Problem details: Exactly as written, transcribe the data from its opening line through the line containing "Lululemon cropped pants". Leave every picture out.

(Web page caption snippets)
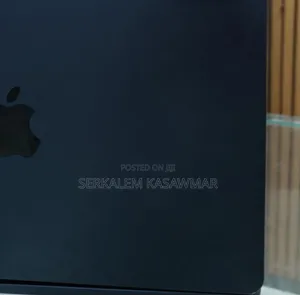 New Laptop Apple MacBook Air 2025 M4 13-Inch 16GB Apple M4 SSD 256GB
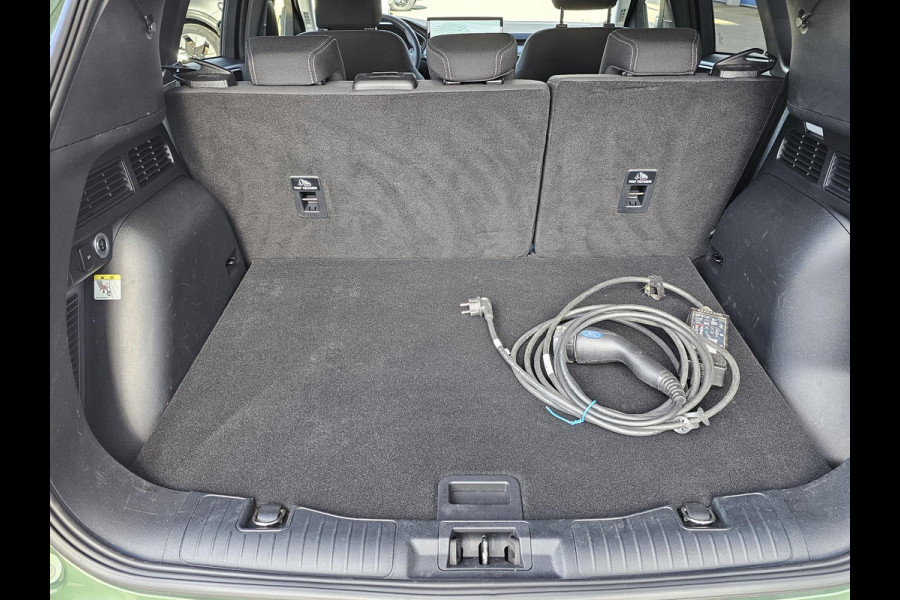 Ford Kuga 2.5 PHEV Titanium 243pk | Driver Assistance Pack | Winterpack | Wegklapbare Trekhaak | 2.100kg Trekgewicht | Ford Kuga 2.5 PHEV Titanium 243pk | Driver Assistance Pack | Winterpack | Wegklapbare Trekhaak | 2.100kg Trekgewicht |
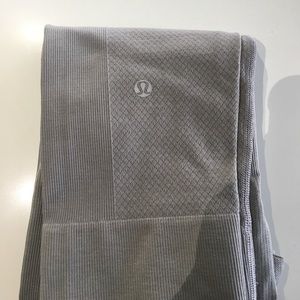 Lululemon cropped pants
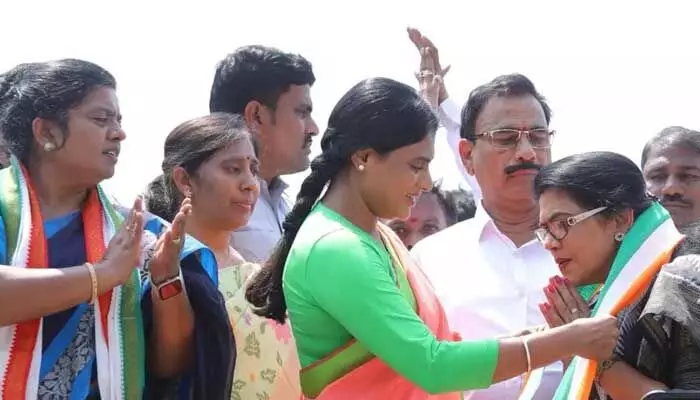 వైసీపీకి బిగ్ షాక్.. కాంగ్రెస్ గూటికి చేరిన వైసీపీ ప్రముఖ నేత.. వైసీపీకి బిగ్ షాక్.. కాంగ్రెస్ గూటికి చేరిన వైసీపీ ప్రముఖ నేత..
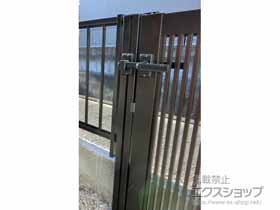 の門扉 シンプレオ門扉2型 縦格子 片開き 門柱使用 施工例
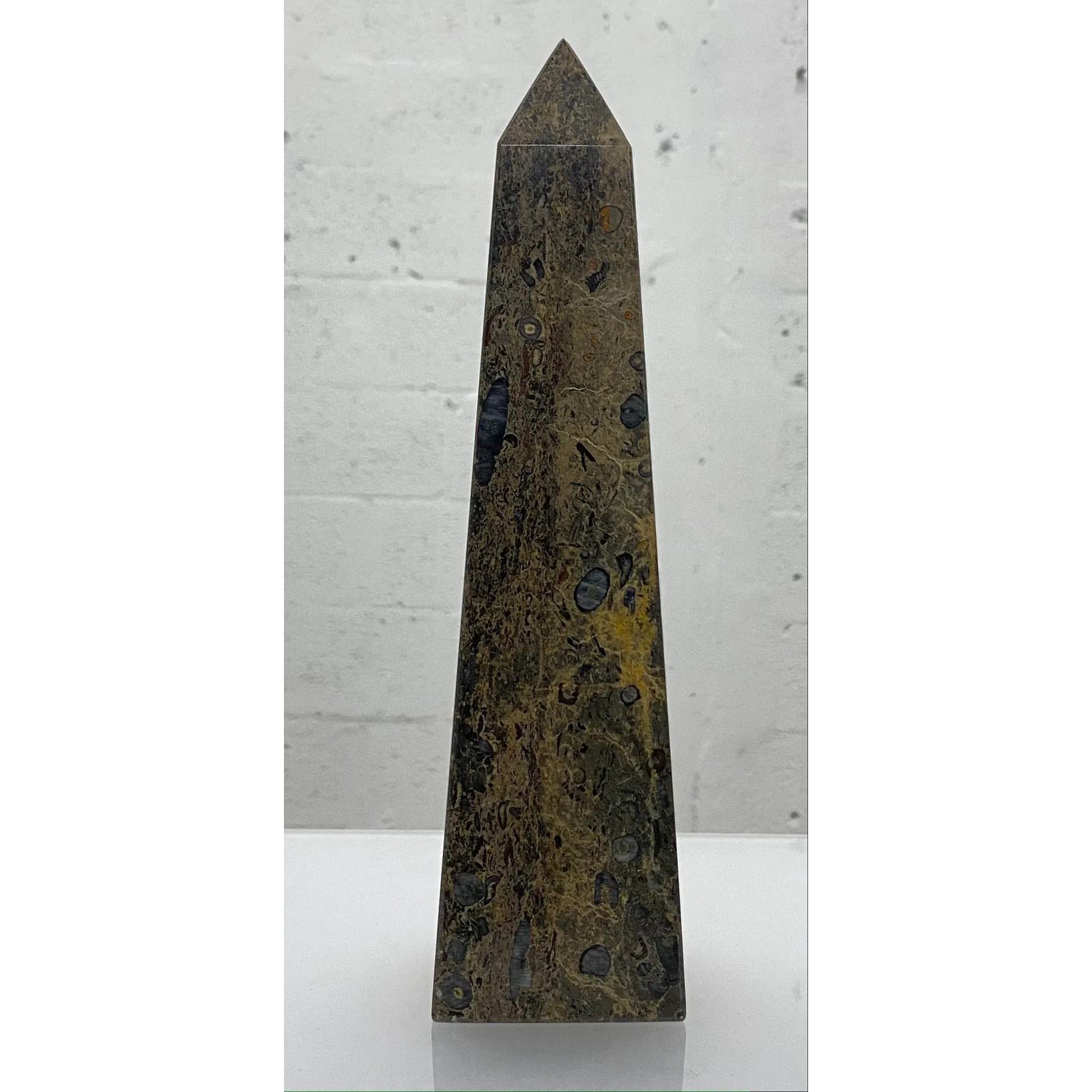 mid-century-marble-obelisk-8428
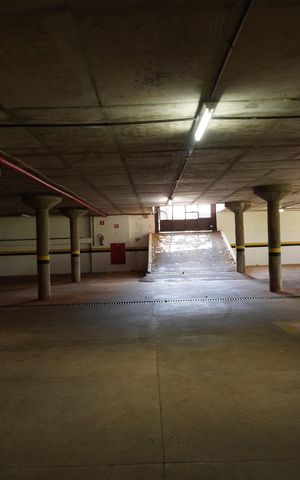 Apartamento para alugar com 88m², 3 quartos e 2 vagasÁrea comum - Garagem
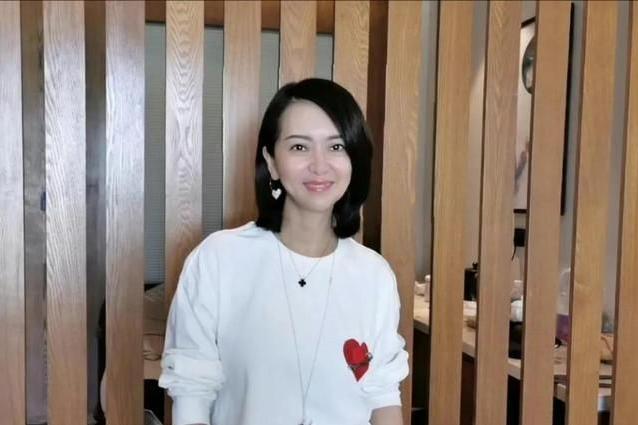 甘萍老公黎兵个人资料,甘萍与黎兵是夫妻吗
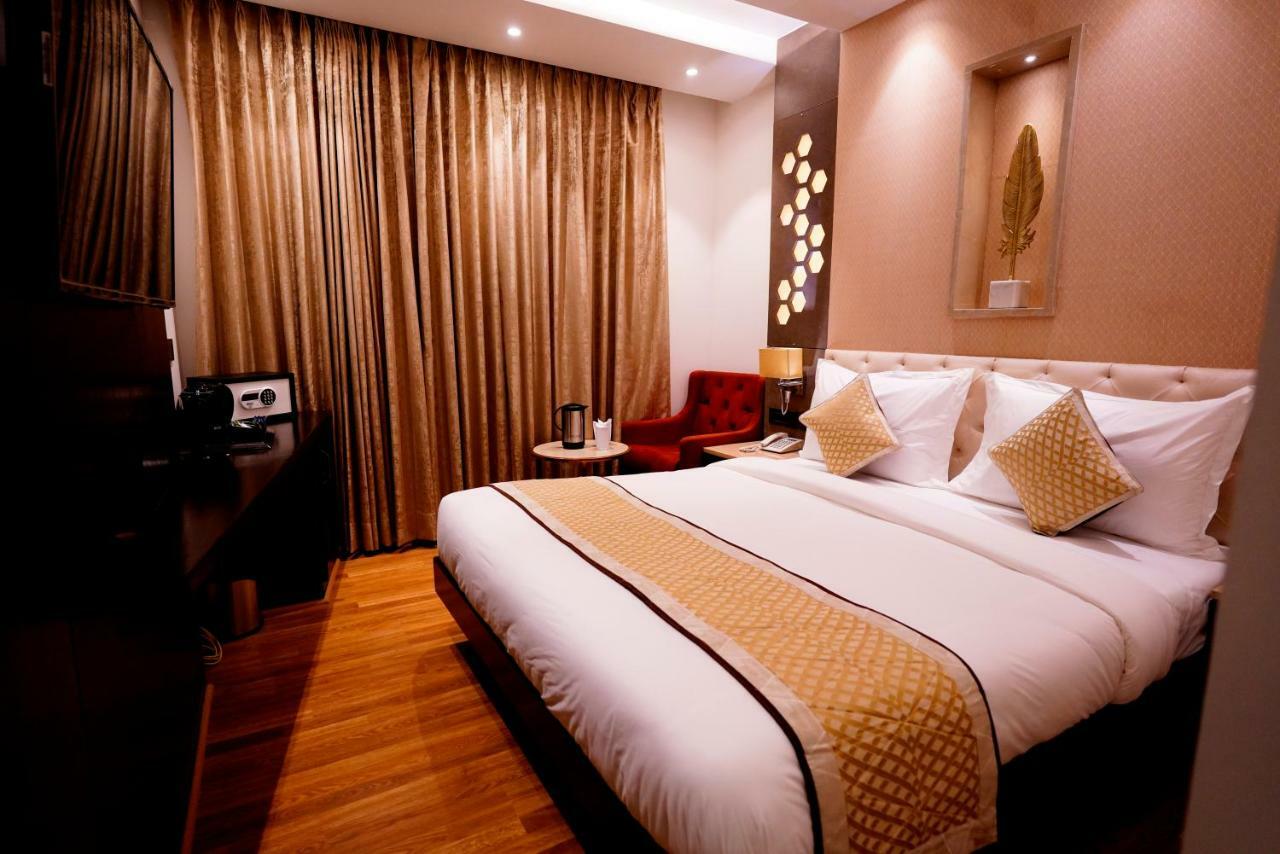 Hotel Ritz Neu-Delhi Exterior foto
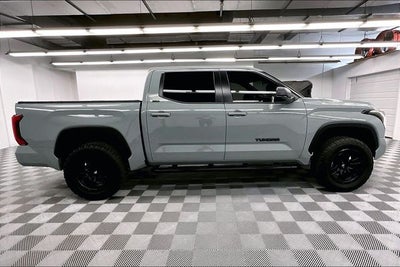2025 Toyota Tundra SR5 4x4 - Adaptive Cruise - Htd Seats - 20'' Wheels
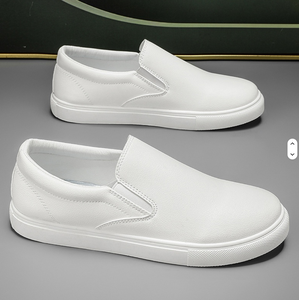 Chaussures décontractées pour hommes, conçues sur mesure, avec empeigne en tricot, fermeture à enfiler, semelle intermédiaire en TPU, coloris noir et blanc - Product Image 3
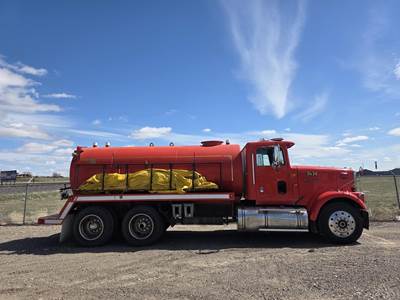 International 9300 3000 Gallon Water Truck - Caterpillar 400HP, 10 Speed Manual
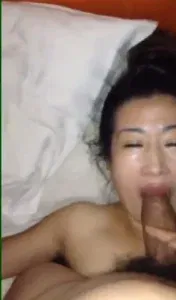 露脸骚熟女吃大鸡吧疯狂做爱被操的叫的超大声
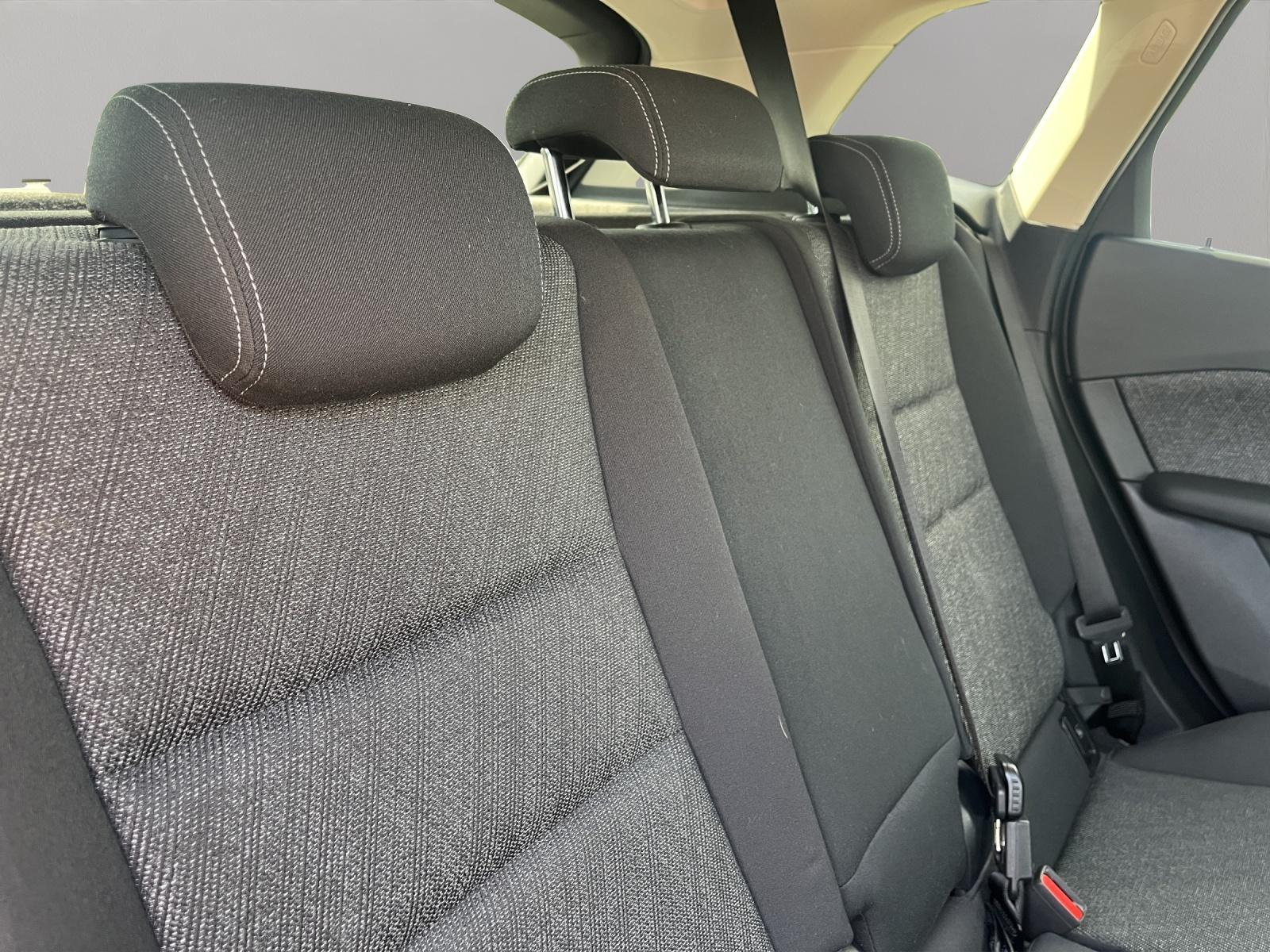 BMW 218d Active Tourer-image-19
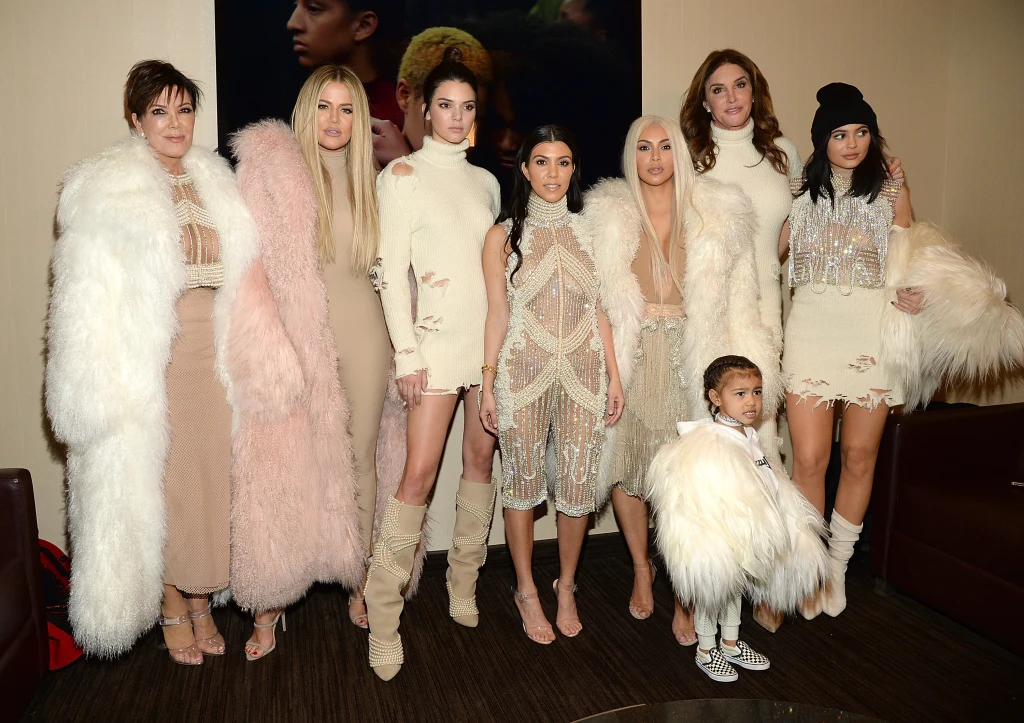 Kris Jenner z córkami, wnuczką i byłym mężem, Caitlyn Kris Jenner z córkami, wnuczką i byłym mężem, Caitlyn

Result of this exercise:
 New Laptop Apple MacBook Air 2025 M4 13-Inch 16GB Apple M4 SSD 256GB
 Ford Kuga 2.5 PHEV Titanium 243pk | Driver Assistance Pack | Winterpack | Wegklapbare Trekhaak | 2.100kg Trekgewicht | Ford Kuga 2.5 PHEV Titanium 243pk | Driver Assistance Pack | Winterpack | Wegklapbare Trekhaak | 2.100kg Trekgewicht |
 Lululemon cropped pants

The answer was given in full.